Comme le précise France 3 Régions Est, les travaux de rénovation de l’église, initialement prévus pour enlever ce mur, ont été stoppés en raison d’une nouvelle directive des représentants religieux locaux. Ce changement de cap fait suite à l’arrivée d’un nouvel archevêque, Monseigneur Pascal Delannoy, et d’une nouvelle présidente de l’Union des Églises Protestantes d’Alsace et de Lorraine, Isabelle Gerber, qui ont tous deux exprimé leur volonté de maintenir cette séparation.
Leur argument repose sur la spécificité historique de cet ensemble patrimonial unique, où deux confessions cohabitent sous un même toit, mais sans partager les mêmes espaces.
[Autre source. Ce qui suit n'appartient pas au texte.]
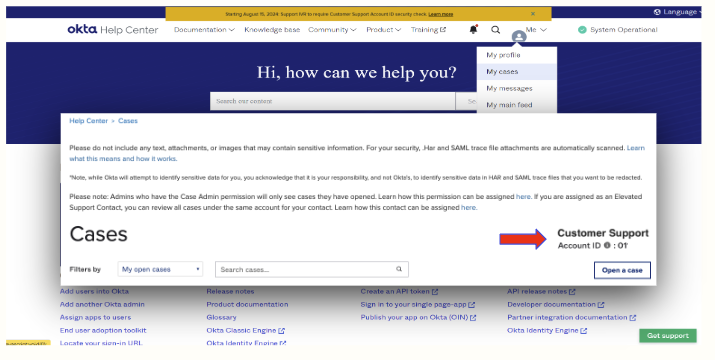 My Cases Okta Support Center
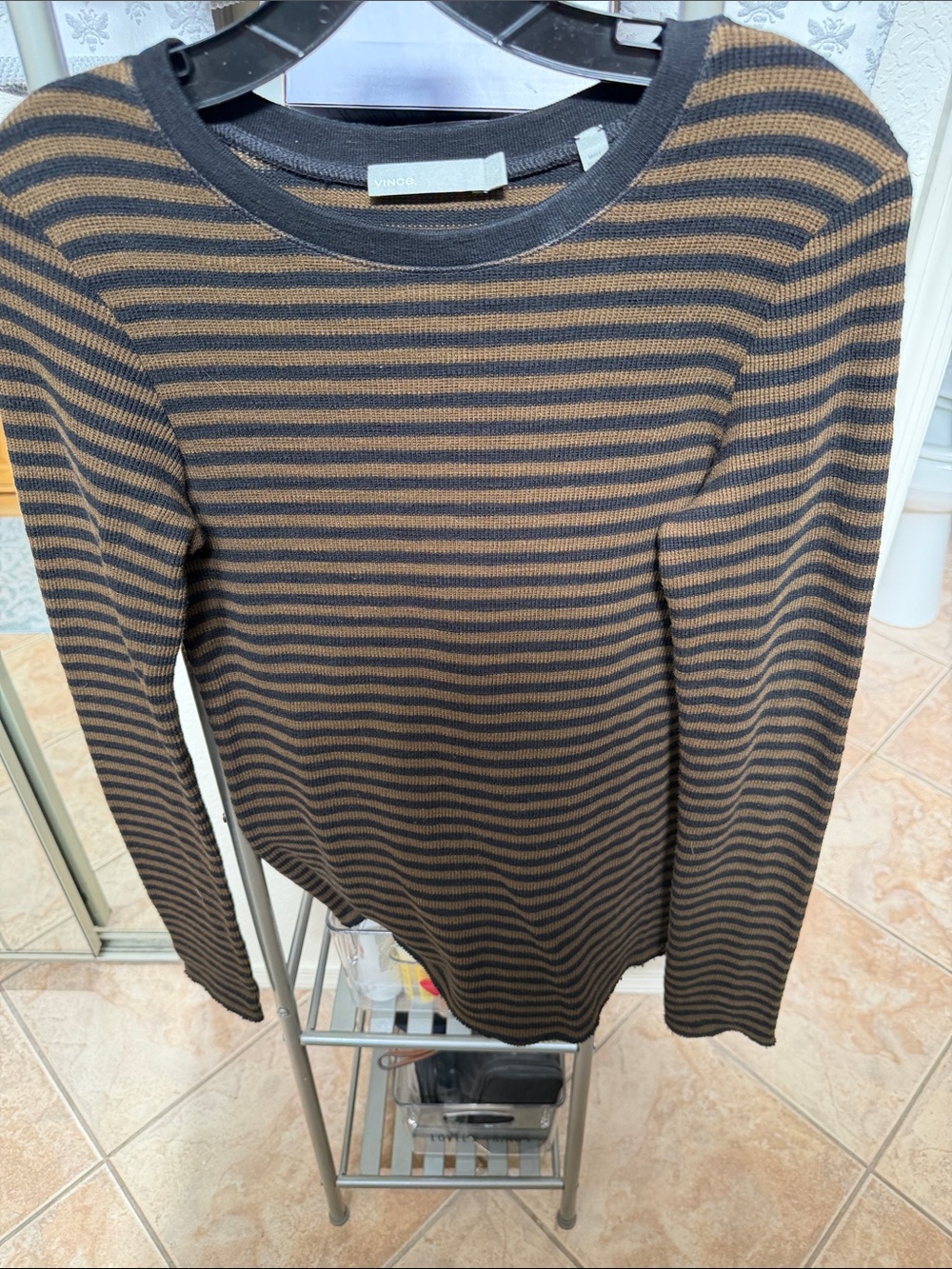 Vince Black and Brown Striped Crewneck Sweater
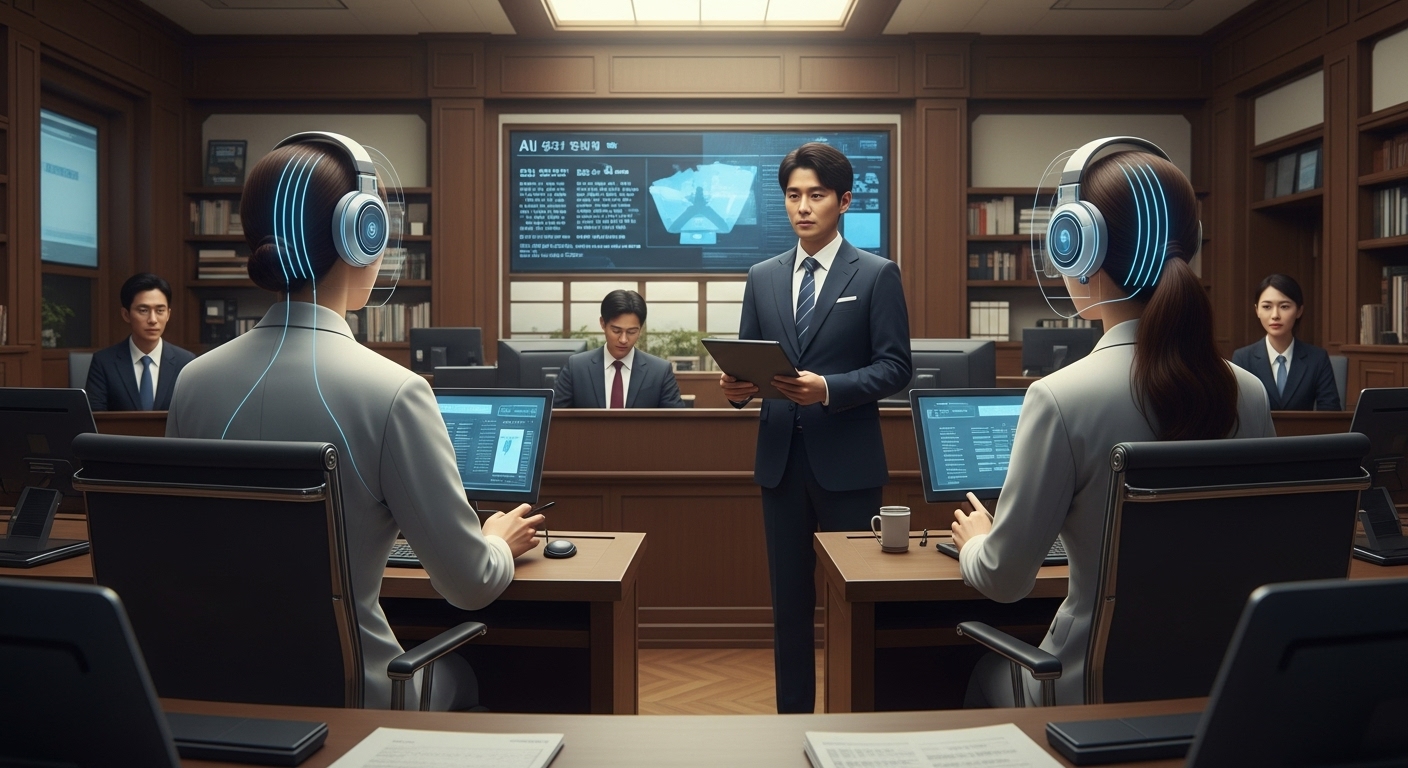 AI 앵커가 가져올 방송 산업의 변화와 도전 - 뉴스룸에서 인간 기자와 AI 앵커가 협력하는 모습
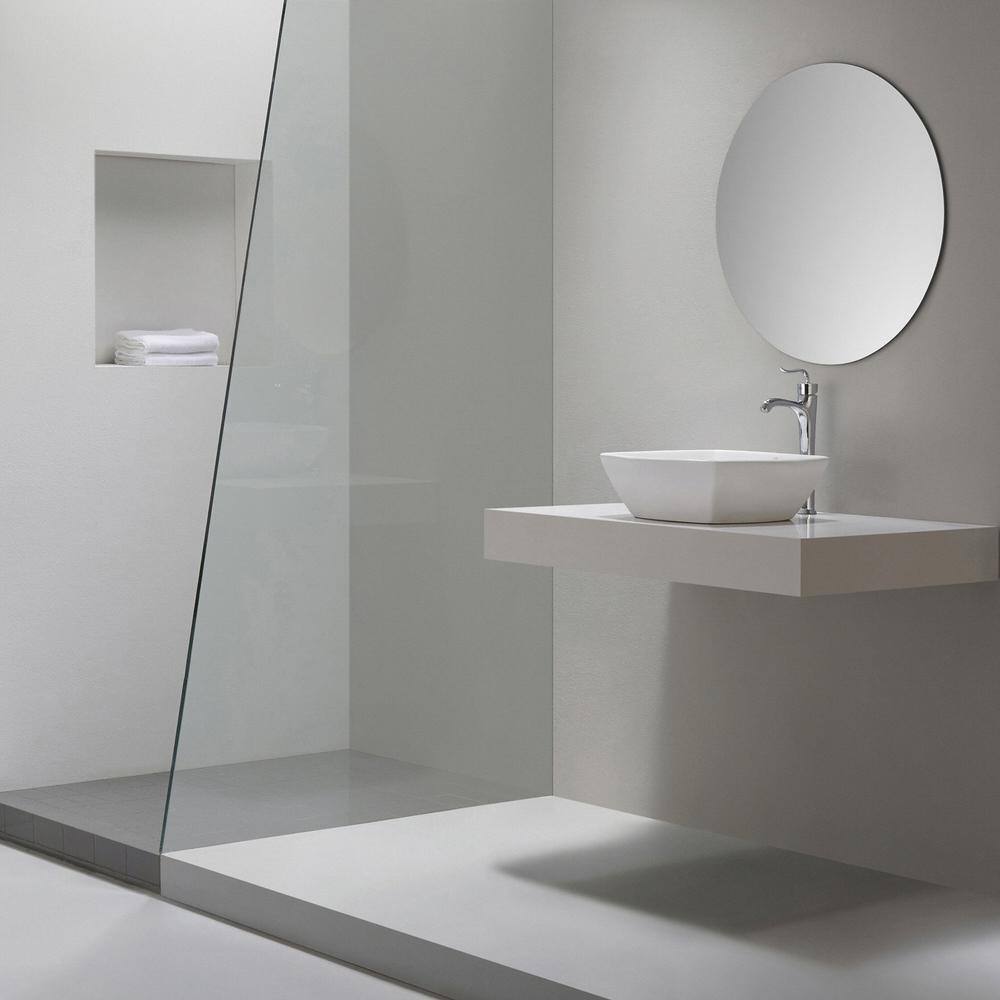 16.5 Inch White Ceramic Square Vessel Sink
Rappelons que l’église de Zehnacker a une histoire complexe et un rôle particulier en Alsace. Construite initialement au XIIe siècle, elle devient un lieu de culte simultané au XVIIe siècle, permettant aux catholiques et aux protestants de partager le même édifice. Cependant, cette pratique de simultaneum prend fin en 1852, lorsque la reconstruction de l’église commence et que les deux communautés sont séparées physiquement par un mur qui traverse toute la nef. Cette séparation physique a mis fin à un arrangement qui avait duré plus de deux siècles. Les travaux de reconstruction ont été précédés de nombreuses controverses sur le financement et les modalités de partage de l’église.
Au début du XIXe siècle, des pétitions ont été lancées pour améliorer les conditions de l’église, jugée insalubre et trop petite. En 1849, un compromis a été trouvé pour construire une église à deux nefs, mais sans effacer le mur de séparation qui perdure jusqu’à aujourd’hui.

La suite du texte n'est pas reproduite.